REQUIRED WORK >> For the data below, retype word for word the lines from the one containing "The Portal of Wonderland Chapter 41 page 12" through the one containing "Galería Quinta Solarium 7"; drop the pictures.

DATA TO USE >>
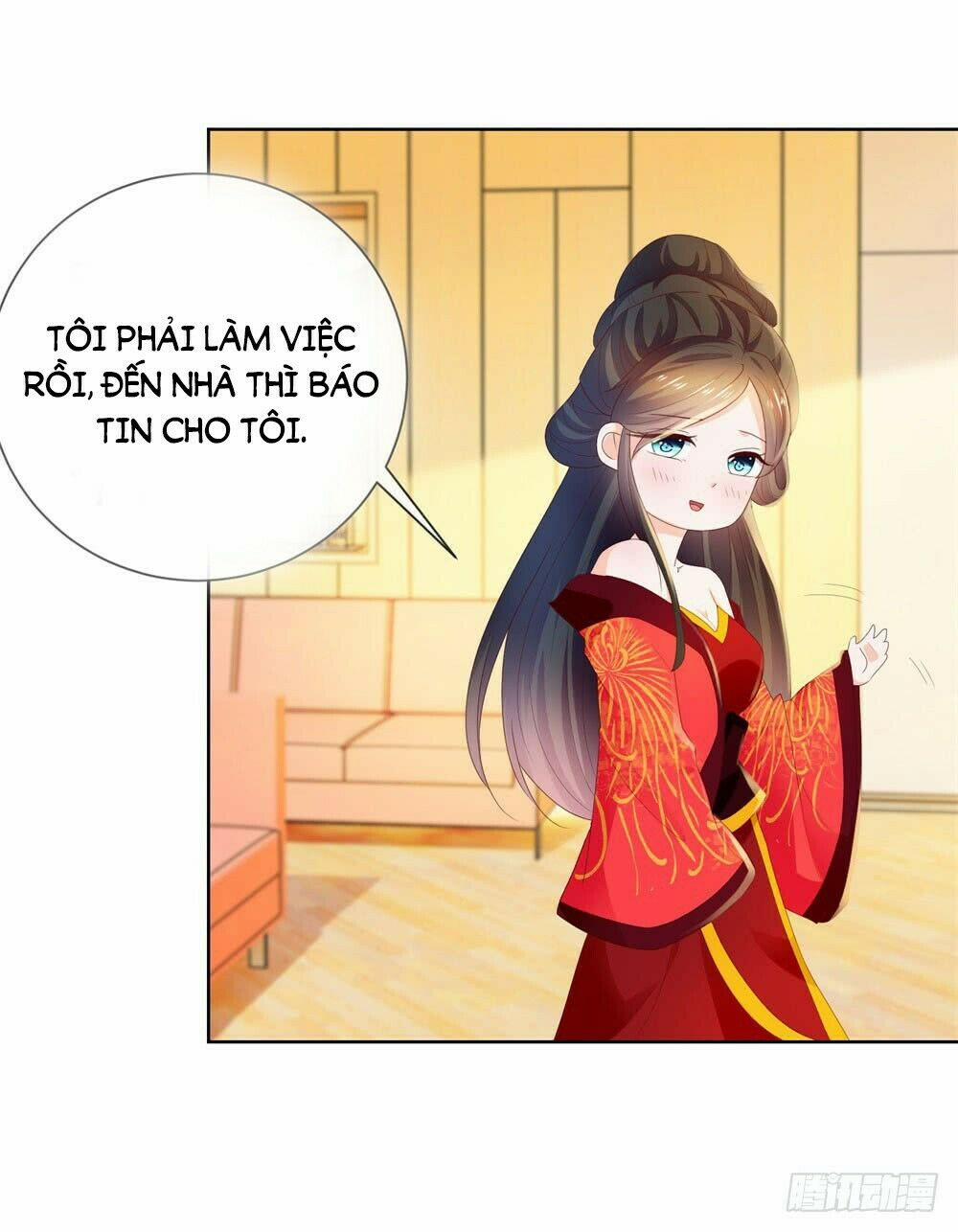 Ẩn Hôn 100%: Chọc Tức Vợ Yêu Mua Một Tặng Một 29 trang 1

--

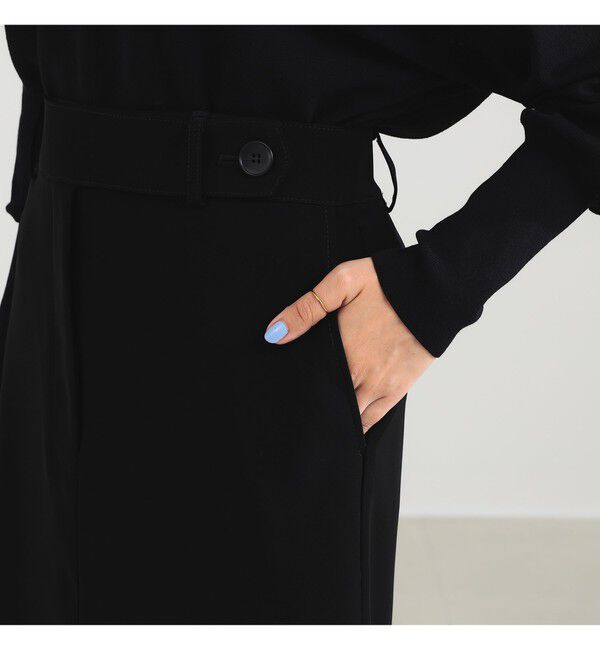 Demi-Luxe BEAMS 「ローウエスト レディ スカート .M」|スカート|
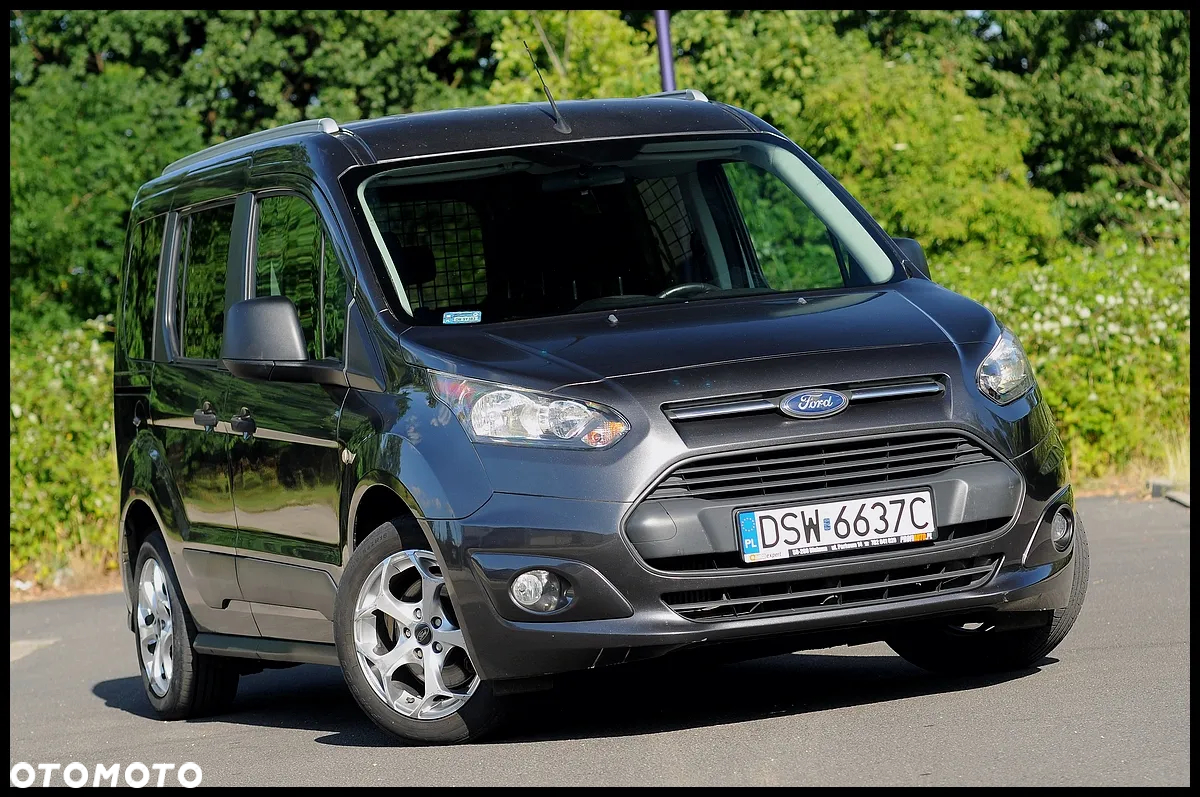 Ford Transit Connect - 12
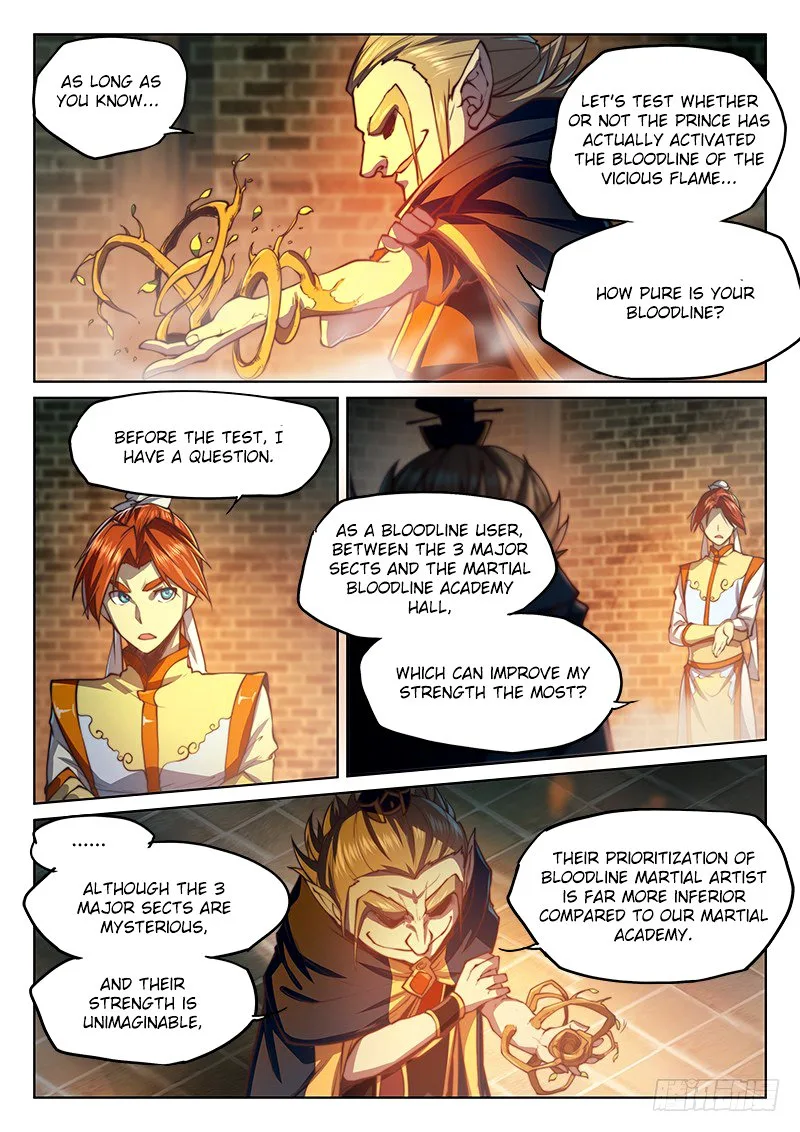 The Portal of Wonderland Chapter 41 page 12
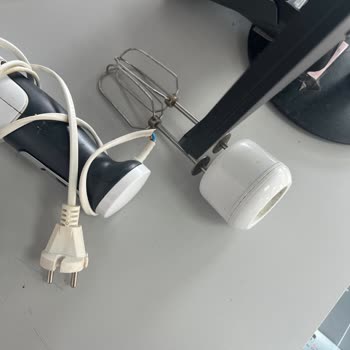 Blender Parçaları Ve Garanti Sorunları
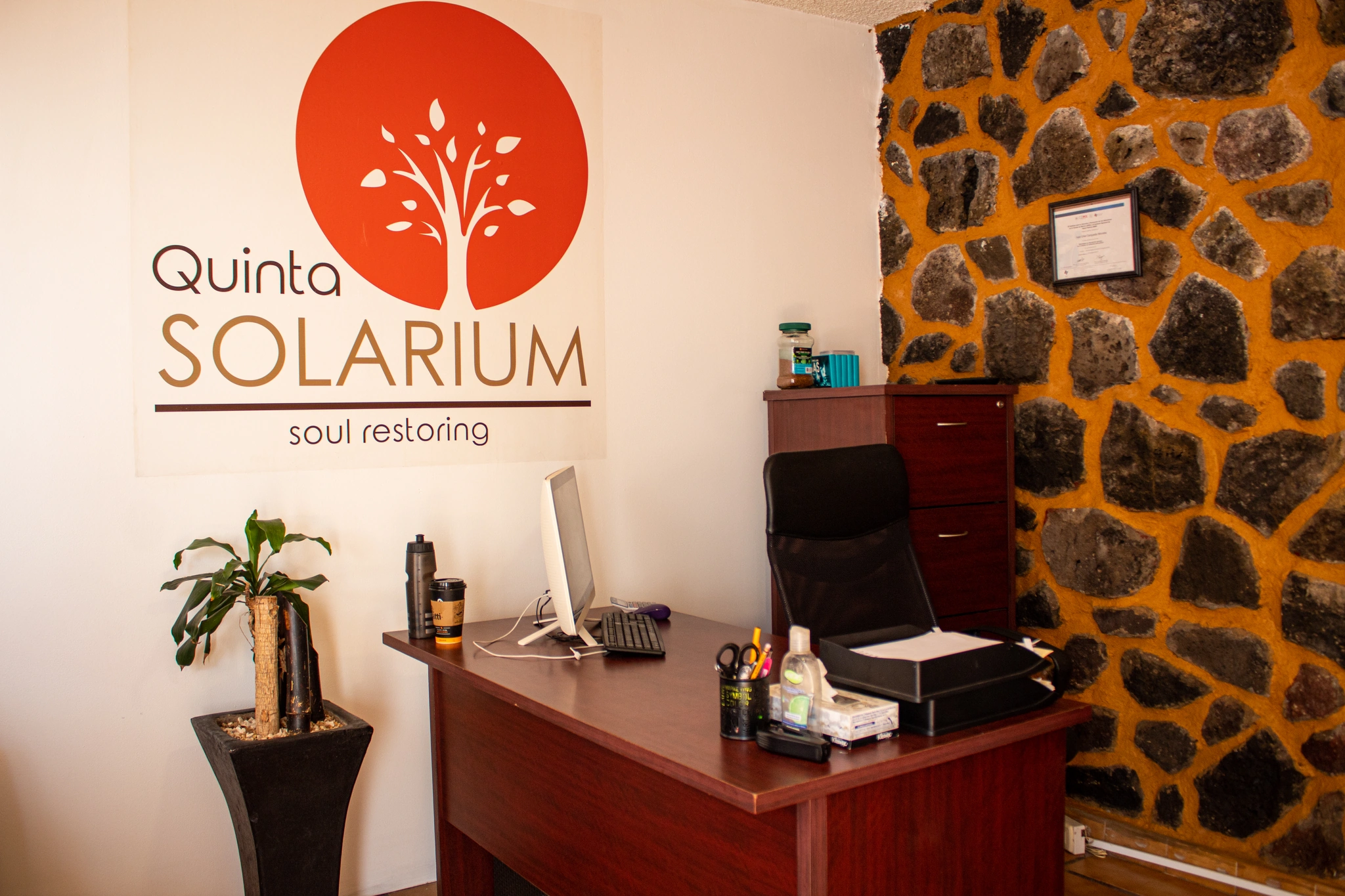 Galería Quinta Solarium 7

RESPONSE TO THIS EXERCISE >>
 The Portal of Wonderland Chapter 41 page 12
 Blender Parçaları Ve Garanti Sorunları
 Galería Quinta Solarium 7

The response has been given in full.